My previous experiences with private schooling and homeschooling did not prepare me for what public schooling entailed. All at once, I had to adjust to middle school, new grading scales, approaches to standardized tests and classroom culture.
My math teacher was adamant about preparing us for our springtime standardized assessments and used various mediums to strengthen our strategic thinking.
During the prep weeks leading up to the tests, I’ll never forget how she removed all of our traditional breaktime board games, keeping only games to exercise our minds in the math space, like the 24 game and mancala.
Mancala’s rich African roots drew me to the game. I remember telling my parents about it and eventually showing them how to play it at my school's math night.
That year, my parents gave it to me for Christmas, and I was able to utilize strategy at home while playing with my family.

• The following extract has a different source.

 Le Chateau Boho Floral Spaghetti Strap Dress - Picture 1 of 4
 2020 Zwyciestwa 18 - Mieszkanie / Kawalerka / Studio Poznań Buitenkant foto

If my teacher hadn't included that piece of African history in our assessment study, I’m not sure I would ever have known what the game was or how significant it was to my own culture.
African Math History Should Be Treated As Math History
It is no longer acceptable for teachers not to see math education as a space for acknowledging Black history. Black History Month provides an excellent opportunity for teachers to engage students in math’s Black history and make a monumental difference in their learning.
Math holds a privileged and prioritized place in the school curriculum because it is applicable and can crossover easily in other content areas. It can be contextualized – just like Black history.
Math has always held crucial importance throughout the continent of Africa, but this fact hasn’t been reinforced in schools and colleges elsewhere.
However, inclusive classrooms consider the context of Black mathematicians and incorporate that history to focus on comprehensive learning. Students benefit not just from learning math formulas, but from understanding the context and nature of the field, as well as the leaps and strides that have been made since the earliest applications of math.
Revamping a curriculum can be intimidating. But acknowledging the Black history of math doesn’t have to be viewed that way. Ethnic studies in math is important, but African math practices are translated all over the world today and have manifested in so many ways that it should be viewed as standard history.
For example, the oldest known mathematical artifact is a bone from the Lebombo mountains in Eswatini and South Africa that dates back to 35,000 BC. The Lebombo bone resembles the calendar sticks that are still used for making tallies in Namibia.
According to “The Universal Book of Mathematics,” the Lebombo bone’s 29 notches could have been used as a lunar phase counter, which suggests African women may have been the first mathematicians, because tracking menstrual cycles requires a lunar calendar.
While math history is not included in the math standards across curriculums, the anecdote of the Lebombo bone is one of many capturing the intersection between math and African culture that can personalize a student’s learning experience. Using a storytelling approach to teaching African history in math is a practical way for teachers to blend this into their regular curriculum.
To cultivate students’ collective learning, teachers can start small, by sharing anecdotes or reviewing cultural facts of the day. Discussing the history of African weaving and including a demonstration of textiles in geometry classes can also boost morale and hands-on learning into the classroom.
Numbers are a powerful tool in African culture, so sharing the long histories of various methods of counting in numerical order is a fun activity for early math learners.
As I learned years ago, African games with a math foundation, like mancala, are another way to bring African math culture to light.
Developing Math Identity Through Representation
Culturally affirming practices validate and celebrate Black knowledge. When students know about the history of math in this context, it not only brings them a new respect for African culture but a stronger connection to it. Black students see their own history reflected in the origins of math.
Including that history disrupts negative stereotypes that have been associated with Black-diasporan students. Moreover, this reminds all students of the importance of math in Africa and opens minds about who is at the center of knowledge.
Teaching African History In Math Contributes To An Antiracist Practice
Historically, there has been a lack of teaching about African influence or worse, erroneous teaching about the continent’s contributions to learning, particularly in math.
Math has often been taught as something students need to conquer, distanced from lived experience, rather than by learning about the lives of mathematicians and understanding that math arises from the meaning of life we create for ourselves.
When teachers accurately present the African history of mathematics, it introduces a human practice. Math comes out of the stories of life and real people, who have grappled with trying to understand our physical environment and made sense of it through numbers and logical thinking.
If students were taught that math is something created by people to help people understand their surroundings, it would be much more human and result in a better growth mindset associated with math.
Connecting this concept for students is indeed a part of an antiracist practice, and resources exist to help teachers who want to make their classrooms more inclusive of African math history.